Delimitare il mio arco di azione.
Dal mio permanere e operare nella città di Terni, da circa 7 anni, trovo quell’ancoraggio ad un primo sguardo comodo perché stabile, in cui si mettono in fila disponendosi in superficie, le dinamiche che impongono alla nostra vita soluzioni di sopravvivenza che nella instabilità del viaggio rimangono in periferia. Avere una dimora ed una tana sicura fa’ si che si accumulino fascicoli e cartelle che periodicamente devono essere messe in ordine. Si accumulano (si aprono e si chiudono) relazioni con il territorio e con le persone. Il corso di studi di genere e delle pari opportunità che sto frequentando a Perugia presso la facoltà di Lettere e Filosofia organizzato dal Dipartimento Uomo e Territorio sez. Antropologia, mi suggerisce di distogliere per un po’ l’attenzione esclusiva sulle mie solite occupazioni e preoccupazioni, guardarle da altra angolazione; mi dà la possibilità di ascoltare le altre, la complessità e la rigorosità delle loro ricerche (pensando alle docenti), le criticità espresse (pensando alla platea). L’urgenza di organizzare il pensiero mi dà anche, e non inoltre, la possibilità di sviluppare e osare innesti del pensiero dal confronto con tante esperienze ascoltate durante le varie sessioni del corso. […]

Cercare nel pensiero e nelle azioni delle donne.

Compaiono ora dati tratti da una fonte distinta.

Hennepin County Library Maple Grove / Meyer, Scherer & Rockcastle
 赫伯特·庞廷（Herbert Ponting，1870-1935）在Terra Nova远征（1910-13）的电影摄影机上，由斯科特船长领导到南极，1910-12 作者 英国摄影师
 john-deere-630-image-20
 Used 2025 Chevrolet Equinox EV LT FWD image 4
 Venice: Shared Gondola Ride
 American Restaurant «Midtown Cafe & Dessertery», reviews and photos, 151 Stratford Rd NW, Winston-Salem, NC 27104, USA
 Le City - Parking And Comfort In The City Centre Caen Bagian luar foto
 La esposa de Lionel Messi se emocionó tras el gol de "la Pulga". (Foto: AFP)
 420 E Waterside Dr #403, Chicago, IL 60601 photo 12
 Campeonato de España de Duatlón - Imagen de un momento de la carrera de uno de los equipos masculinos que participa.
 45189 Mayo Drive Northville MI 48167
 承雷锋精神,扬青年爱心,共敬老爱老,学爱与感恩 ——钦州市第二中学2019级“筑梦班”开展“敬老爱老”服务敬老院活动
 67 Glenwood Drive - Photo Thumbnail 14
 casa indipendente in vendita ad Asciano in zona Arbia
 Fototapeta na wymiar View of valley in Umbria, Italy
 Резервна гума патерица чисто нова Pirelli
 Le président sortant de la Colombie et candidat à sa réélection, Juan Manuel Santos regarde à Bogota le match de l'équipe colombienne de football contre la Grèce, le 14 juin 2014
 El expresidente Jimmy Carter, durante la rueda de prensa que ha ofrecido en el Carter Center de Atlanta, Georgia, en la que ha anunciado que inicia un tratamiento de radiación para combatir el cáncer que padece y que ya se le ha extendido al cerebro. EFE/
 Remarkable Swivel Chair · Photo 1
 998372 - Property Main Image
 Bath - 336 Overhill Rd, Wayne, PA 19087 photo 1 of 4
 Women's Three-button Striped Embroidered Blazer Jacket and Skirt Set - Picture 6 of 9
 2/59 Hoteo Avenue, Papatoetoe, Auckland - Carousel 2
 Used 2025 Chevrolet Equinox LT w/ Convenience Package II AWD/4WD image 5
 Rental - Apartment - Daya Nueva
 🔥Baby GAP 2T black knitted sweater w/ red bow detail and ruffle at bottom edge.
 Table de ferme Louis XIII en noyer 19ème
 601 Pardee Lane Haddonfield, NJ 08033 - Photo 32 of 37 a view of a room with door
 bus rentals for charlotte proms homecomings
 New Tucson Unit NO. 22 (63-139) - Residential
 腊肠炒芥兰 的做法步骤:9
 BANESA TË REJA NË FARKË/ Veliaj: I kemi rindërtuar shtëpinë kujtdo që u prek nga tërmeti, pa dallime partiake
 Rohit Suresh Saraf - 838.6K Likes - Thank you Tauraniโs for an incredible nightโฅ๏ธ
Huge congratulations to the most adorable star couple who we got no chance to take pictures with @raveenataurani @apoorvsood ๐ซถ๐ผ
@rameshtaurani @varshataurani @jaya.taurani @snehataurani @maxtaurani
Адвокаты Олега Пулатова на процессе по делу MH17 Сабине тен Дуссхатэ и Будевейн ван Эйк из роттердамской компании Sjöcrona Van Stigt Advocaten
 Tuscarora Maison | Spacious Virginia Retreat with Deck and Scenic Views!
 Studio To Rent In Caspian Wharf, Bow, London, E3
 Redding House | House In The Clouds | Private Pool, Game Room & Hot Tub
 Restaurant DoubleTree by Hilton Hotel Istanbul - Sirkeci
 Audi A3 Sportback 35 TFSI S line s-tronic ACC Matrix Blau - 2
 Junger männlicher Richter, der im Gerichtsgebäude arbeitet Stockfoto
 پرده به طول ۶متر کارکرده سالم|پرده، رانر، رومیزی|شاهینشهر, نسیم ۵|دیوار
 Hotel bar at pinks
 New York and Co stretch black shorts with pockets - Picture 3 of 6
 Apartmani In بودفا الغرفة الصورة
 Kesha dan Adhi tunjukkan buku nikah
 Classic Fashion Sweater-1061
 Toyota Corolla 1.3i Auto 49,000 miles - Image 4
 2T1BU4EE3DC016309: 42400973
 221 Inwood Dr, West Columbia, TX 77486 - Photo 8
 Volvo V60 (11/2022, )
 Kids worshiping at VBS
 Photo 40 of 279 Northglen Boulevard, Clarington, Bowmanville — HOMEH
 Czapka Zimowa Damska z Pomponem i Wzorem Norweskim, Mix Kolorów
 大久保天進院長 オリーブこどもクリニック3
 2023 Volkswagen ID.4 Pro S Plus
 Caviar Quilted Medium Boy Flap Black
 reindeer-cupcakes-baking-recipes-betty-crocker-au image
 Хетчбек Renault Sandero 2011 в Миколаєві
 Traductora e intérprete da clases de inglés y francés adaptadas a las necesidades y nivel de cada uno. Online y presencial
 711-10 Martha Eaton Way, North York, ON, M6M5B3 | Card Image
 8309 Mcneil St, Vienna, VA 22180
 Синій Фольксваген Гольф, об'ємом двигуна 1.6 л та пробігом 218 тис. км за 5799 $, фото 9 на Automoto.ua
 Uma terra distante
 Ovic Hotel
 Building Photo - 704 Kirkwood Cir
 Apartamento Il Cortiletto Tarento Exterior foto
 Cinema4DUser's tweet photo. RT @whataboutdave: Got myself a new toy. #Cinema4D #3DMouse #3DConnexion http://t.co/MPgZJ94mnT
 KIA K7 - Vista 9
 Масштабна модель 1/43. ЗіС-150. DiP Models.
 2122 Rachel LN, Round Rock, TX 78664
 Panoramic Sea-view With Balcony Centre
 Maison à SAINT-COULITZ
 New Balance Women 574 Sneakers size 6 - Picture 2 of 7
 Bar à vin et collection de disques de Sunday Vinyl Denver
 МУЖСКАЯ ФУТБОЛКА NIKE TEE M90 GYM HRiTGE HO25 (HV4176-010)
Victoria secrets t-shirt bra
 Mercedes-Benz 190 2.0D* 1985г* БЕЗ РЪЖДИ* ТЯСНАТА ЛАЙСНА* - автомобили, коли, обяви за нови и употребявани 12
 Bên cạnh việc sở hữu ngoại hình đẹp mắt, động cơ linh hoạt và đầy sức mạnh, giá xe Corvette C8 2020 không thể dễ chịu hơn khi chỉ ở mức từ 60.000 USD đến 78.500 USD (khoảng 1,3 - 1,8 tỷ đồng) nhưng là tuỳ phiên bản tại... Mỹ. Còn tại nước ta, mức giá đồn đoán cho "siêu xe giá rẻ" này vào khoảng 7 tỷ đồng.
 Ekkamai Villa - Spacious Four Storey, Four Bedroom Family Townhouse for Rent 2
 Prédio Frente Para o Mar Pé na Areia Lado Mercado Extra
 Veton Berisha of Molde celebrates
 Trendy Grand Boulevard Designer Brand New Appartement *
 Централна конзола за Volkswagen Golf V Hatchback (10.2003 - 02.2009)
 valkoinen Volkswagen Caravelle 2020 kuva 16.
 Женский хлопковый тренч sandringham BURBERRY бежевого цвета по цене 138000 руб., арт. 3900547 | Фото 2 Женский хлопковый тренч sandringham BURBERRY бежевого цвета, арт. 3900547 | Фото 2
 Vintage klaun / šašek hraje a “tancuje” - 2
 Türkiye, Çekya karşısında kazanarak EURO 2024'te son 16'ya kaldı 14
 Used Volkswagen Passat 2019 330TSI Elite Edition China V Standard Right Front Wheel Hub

Nella mia esperienza lavorativa degli ultimi 4 anni ho incontrato spesso donne, che si sono affidate a me o a cui affidarmi, raramente donne con cui procedere. Una difficoltà oggettiva ed endemica del progettare insieme uomini e donne risiede nella burocrazia, nei costi iniziali che sempre bisogna assumersi, poi nella ingerenza politica che in Italia è molto forte anche sulla cultura. C’è poi nel mio modo di pensare e di agire un atteggiamento a procedere che mi richiede concentrazione e spesso isolamento.
L’applicazione artistico/artigianale richiede tempi lunghi. Cerco inoltre, per necessità, l’autenticità e l’onestà nell’agire mio e delle/degli altre/i come “metodo” personale con cui posso confrontarmi e questo diventa obiettivo inscindibile per ogni contesto tanto più se si tratta di lavoro, di progettare. L’onestà di cui parlo riguarda il non detto, ciò che è rivelato dallo sguardo, dal gesto, dal verso, dal ritmo dei movimenti, dunque l’agire “poetico” di ciascuna persona. Poi cerco che ci sia una visione, non necessariamente comune. Il risultato è che spesso opero da sola, creare percorsi su queste basi diventa essa stessa un’opera di ricerca, di stare continuamente sulle tracce. La solitudine ricercata da alcune/i artiste/i non è un mito o un atteggiamento, è una delle procedure, quasi un protocollo.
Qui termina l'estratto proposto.